Trata-se de um estudo de cunho qualitativo, através de pesquisa bibliográfica e web-gráfica.
Utilizamos como referência as reflexões apresentadas por Munanga (2000), Trindade (2013) e
Cavalleiro (2000), que trazem subsídios para discutirmos sobre a identidade da criança negra na
escola, porquanto ela representa um dos principais elementos na construção social de um indivíduo.
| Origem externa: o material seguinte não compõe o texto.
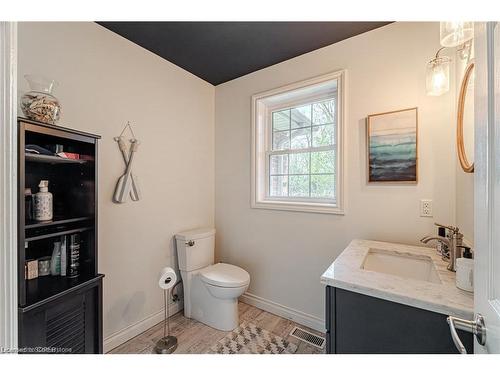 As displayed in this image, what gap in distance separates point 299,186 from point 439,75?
1.26 metres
Enfatizamos os valores civilizatórios afro-brasileiros, que nos definem como sujeitos e que estão
presentes em nosso modo de viver, assim como a necessidade de serem trabalhados no cotidiano
escolar e a Lei 10.639/03, que trata da valorização e do reconhecimento da diversidade étnico-racial
em todos os níveis da educação brasileira. É muito importante que se discuta sobre essa temática na
escola, a fim de que a criança negra compreenda suas origens e conheça os elementos que compõem
sua identidade. Nesse contexto, o docente tem um papel muito importante como auxiliador no
processo de reconhecimento e aceitação dessa criança enquanto negra na sociedade. Assim, valorizar a
cultura afrodescendente no meio educacional é um dos primeiros passos que podem contribuir para a
desconstrução de atitudes de cunho discriminatório. É imprescindível que os professores e professoras
possam conhecer e trabalhar a valorização do povo negro como parte fundamental da construção
histórica, social e cultural do Brasil.
Palavras-chave: Cultura afro-brasileira, Criança negra, Valores afro-brasileiros.
Introdução
A trajetória do povo de origem africana no Brasil é marcada por muito preconceito,
discriminação e violência de todos os tipos. Os negros sempre foram vistos por grupos
brancos como um povo inferior em todos os aspectos, e esse pensamento foi ganhando cada
vez mais força ao longo dos anos. No Brasil, isso não foi diferente. Os negros de diversos
pontos da África foram traficados para cá e, desde então, iniciou-se um período de mais de
trezentos anos de escravidão. As pessoas negras eram tratadas como animais e submetidas a
todas as vontades dos brancos, que os dominavam. Todo esse cenário de dominação branca
deixou profundas marcas em nossa história e em nosso povo.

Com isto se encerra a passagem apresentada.